- Dataset content:
== Segment start ==
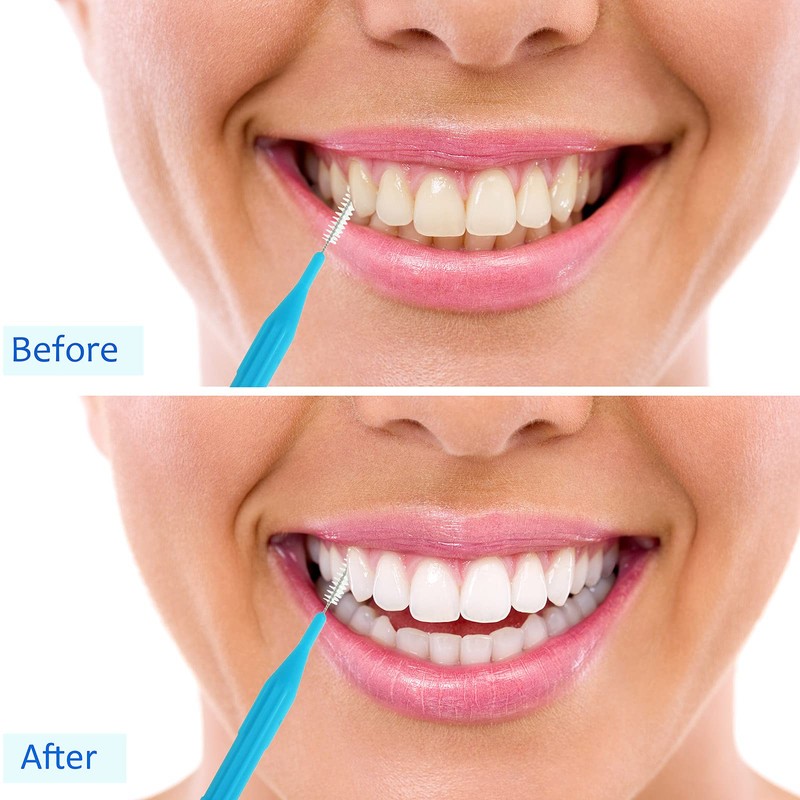 100 piezas de cepillos para limpiador, cepillo interdental, palillo de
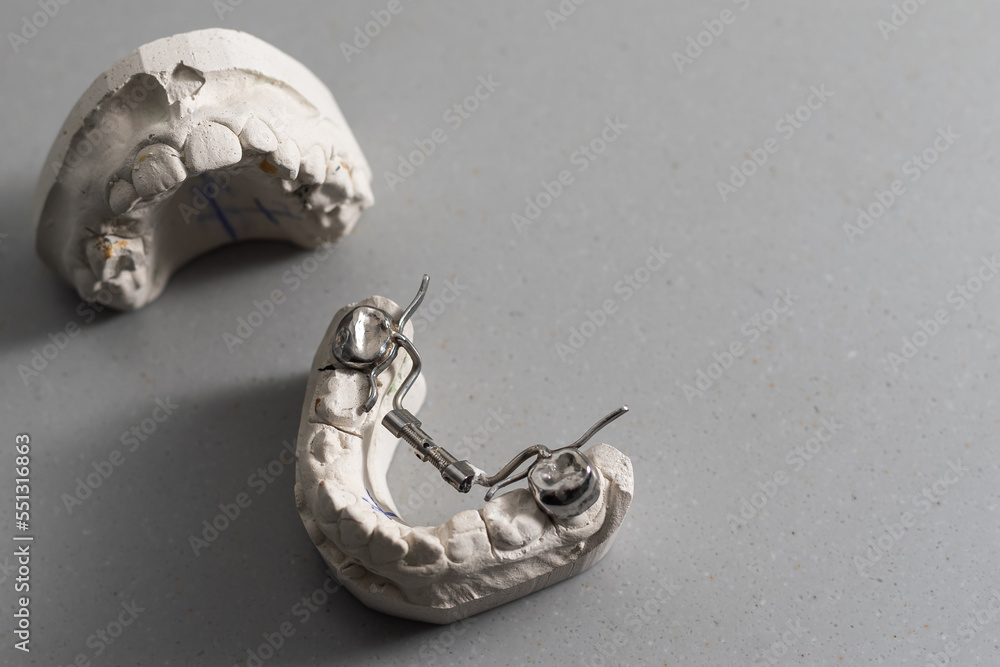 Plaster models of dental prostheses. Demonstration models of dentures ...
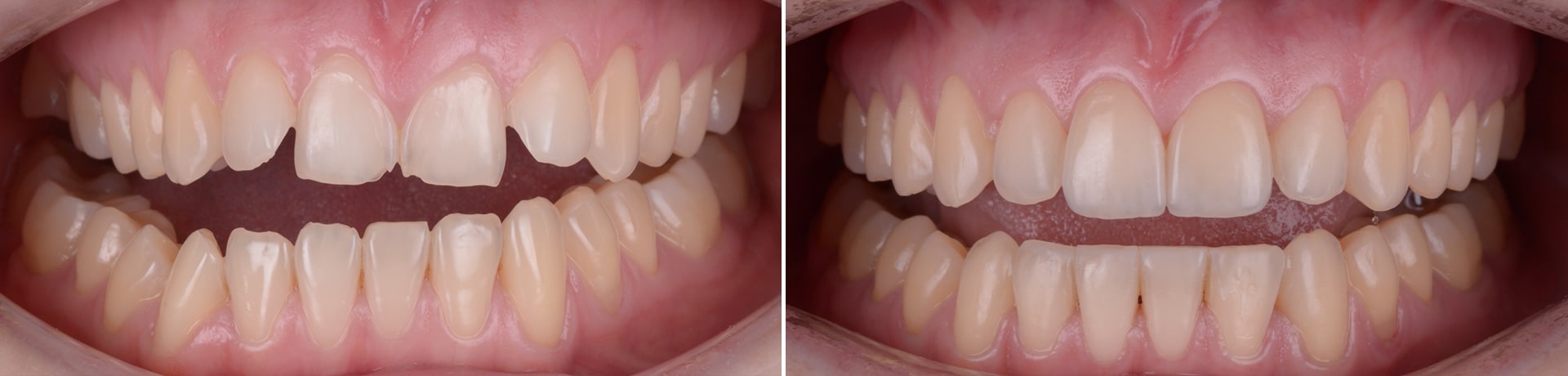 plan tratament daniela zambet natural clinica dentara timisoara clinica rugina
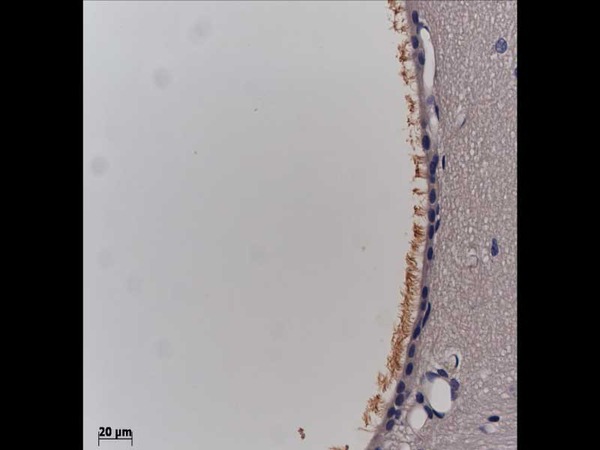 Rat choroid plexus cells (cillia, ependyma cells), Around ventricle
== Segment end ==
- Task requirements: A word-for-word copy of the material is required; pictures stay out of it.

- Answer below:
 100 piezas de cepillos para limpiador, cepillo interdental, palillo de
 Plaster models of dental prostheses. Demonstration models of dentures ...
 plan tratament daniela zambet natural clinica dentara timisoara clinica rugina
 Rat choroid plexus cells (cillia, ependyma cells), Around ventricle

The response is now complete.